Flipping throught those colour chart images at high speed was very interesting. Very different processing. Darktable blue patch really stand out.

RT and DXO colour chart looks quite similar but the red flowers differ a lot. Very interesting stuff!

Oh, don’t be so quick to indict your process; there HAS to be something wrong with rawproc… :crazy_face:

If you don’t mind, can you send me the TIFF? With that, I can inspect both the image itself and the rawproc toolchain, which is in the metadata… I wouldn’t want you to spend quality time chasing a problem in your chain if there’s something in mine…

Interesting differences.

Peculiar that the darktable one seems to only have the best pastel representation (looking at the warmer/colder section, top part of the colour checker). The other 2 seem to have trouble with that with the default settings used.

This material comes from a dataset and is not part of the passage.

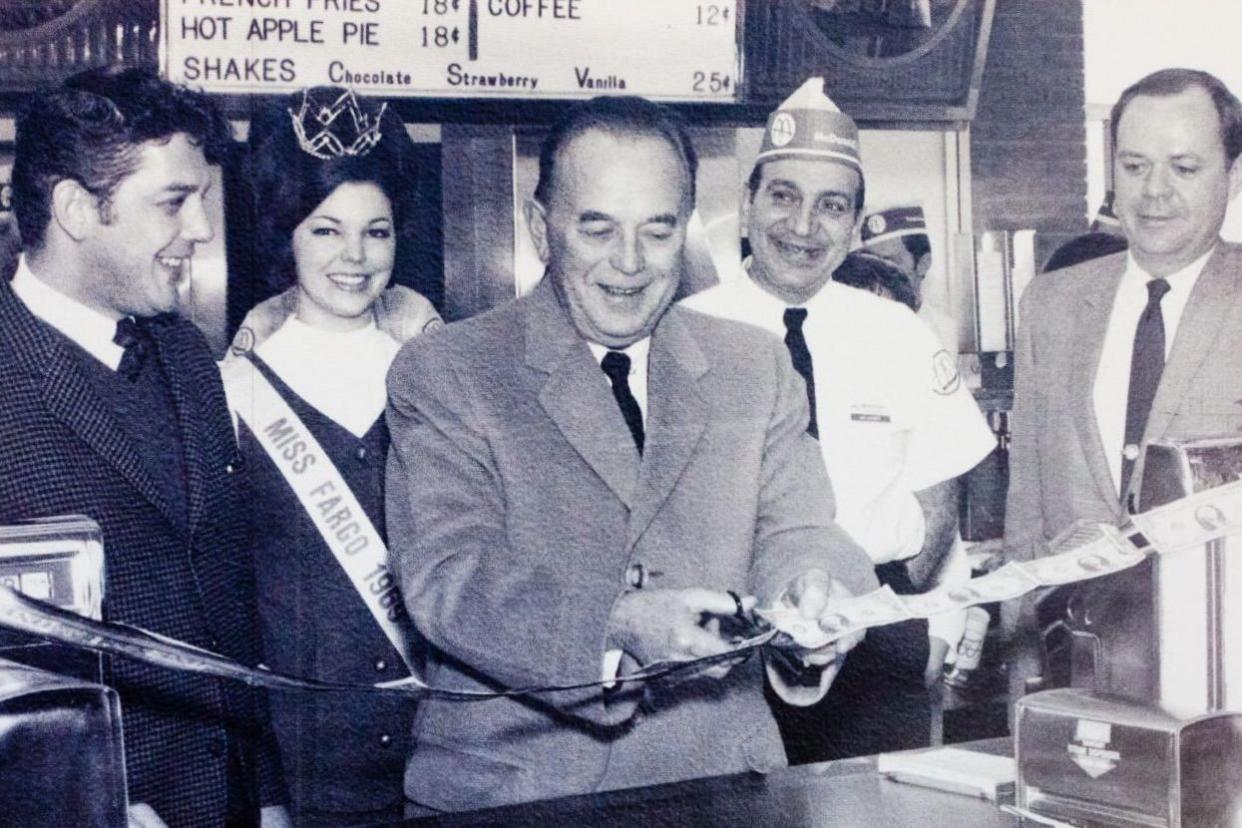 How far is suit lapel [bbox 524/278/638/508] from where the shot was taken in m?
1.67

Overall DxO and RT seem to have the more pleasing colour and detail representation. RT has a bit more detail compared to DxO and I think I like the colours just a bit better in the DxO version if I do not look at the colour checker. If I do look at the checker I prefer the RT colours.

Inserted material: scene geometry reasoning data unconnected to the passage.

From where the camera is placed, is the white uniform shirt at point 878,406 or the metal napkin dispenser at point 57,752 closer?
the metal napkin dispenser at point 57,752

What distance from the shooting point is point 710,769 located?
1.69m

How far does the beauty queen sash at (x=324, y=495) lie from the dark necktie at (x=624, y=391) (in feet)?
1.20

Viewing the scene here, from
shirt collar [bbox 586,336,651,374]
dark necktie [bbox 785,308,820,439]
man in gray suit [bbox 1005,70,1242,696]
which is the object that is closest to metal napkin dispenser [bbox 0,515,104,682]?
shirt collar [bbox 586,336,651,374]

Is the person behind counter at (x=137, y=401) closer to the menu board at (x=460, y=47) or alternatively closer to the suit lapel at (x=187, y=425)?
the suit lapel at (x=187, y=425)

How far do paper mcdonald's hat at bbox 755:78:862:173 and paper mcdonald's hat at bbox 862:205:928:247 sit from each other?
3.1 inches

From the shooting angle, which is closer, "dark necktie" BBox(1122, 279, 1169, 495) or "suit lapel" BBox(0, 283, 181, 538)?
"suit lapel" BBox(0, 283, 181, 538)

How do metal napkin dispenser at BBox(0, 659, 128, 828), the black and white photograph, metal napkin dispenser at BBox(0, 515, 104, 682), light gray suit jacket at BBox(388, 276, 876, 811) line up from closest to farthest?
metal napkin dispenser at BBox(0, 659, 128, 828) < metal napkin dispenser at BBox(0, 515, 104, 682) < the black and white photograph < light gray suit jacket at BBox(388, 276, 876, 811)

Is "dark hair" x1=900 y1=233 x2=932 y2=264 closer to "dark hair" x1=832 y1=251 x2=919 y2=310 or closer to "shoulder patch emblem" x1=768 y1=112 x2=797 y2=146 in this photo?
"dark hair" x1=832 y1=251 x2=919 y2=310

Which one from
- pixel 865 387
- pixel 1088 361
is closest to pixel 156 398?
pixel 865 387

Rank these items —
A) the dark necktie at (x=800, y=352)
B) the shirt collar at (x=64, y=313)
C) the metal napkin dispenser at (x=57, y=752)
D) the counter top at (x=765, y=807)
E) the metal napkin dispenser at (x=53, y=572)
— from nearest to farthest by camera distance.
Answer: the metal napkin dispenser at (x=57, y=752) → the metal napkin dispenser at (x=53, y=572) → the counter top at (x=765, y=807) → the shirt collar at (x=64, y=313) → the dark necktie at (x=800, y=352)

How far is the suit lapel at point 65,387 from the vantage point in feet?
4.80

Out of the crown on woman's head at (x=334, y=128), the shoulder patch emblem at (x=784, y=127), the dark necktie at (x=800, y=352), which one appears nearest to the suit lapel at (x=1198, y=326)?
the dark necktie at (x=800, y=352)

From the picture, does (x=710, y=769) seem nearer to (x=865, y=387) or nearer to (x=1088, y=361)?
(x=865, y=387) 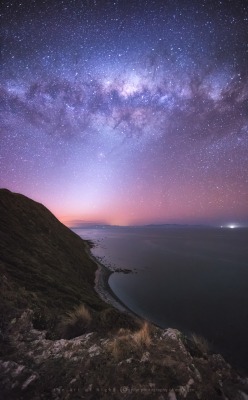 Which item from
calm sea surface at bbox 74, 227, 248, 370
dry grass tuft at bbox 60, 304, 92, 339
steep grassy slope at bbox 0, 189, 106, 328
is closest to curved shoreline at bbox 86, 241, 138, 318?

Assuming that this would be a starting point for users that use these defaults I don’t think there’s much of an influential difference between 2 and 3.

They are probably pushed out by the contrast in the DXO RT sampes?

It’s interesting how different the flowers are. I guess that’s a sign of different handling of extreme colours. (a frequent topic on these boards)

I think good* handling of extreme colours and contrast is one area where defaults really matter. Not knowing what the flowers look like make it difficult to decide though.

*hehe